Lines of the material that include the string "with" should be returned.

◇ ◇ ◇ ◇ ◇

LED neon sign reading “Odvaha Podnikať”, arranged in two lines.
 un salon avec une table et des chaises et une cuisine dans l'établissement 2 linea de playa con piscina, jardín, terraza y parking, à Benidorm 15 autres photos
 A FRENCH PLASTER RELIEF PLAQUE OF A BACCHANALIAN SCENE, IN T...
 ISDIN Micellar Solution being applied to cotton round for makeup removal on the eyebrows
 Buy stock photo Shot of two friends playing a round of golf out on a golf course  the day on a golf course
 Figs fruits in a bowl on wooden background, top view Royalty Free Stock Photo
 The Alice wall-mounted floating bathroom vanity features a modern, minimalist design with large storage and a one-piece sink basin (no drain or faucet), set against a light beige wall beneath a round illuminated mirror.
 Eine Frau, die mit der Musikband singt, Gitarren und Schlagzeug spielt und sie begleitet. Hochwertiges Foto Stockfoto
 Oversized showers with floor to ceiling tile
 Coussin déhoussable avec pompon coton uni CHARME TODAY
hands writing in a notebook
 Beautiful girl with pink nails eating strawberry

◇ ◇ ◇ ◇ ◇

**FINISHED EXERCISE:**
 The Alice wall-mounted floating bathroom vanity features a modern, minimalist design with large storage and a one-piece sink basin (no drain or faucet), set against a light beige wall beneath a round illuminated mirror.
 Oversized showers with floor to ceiling tile
 Beautiful girl with pink nails eating strawberry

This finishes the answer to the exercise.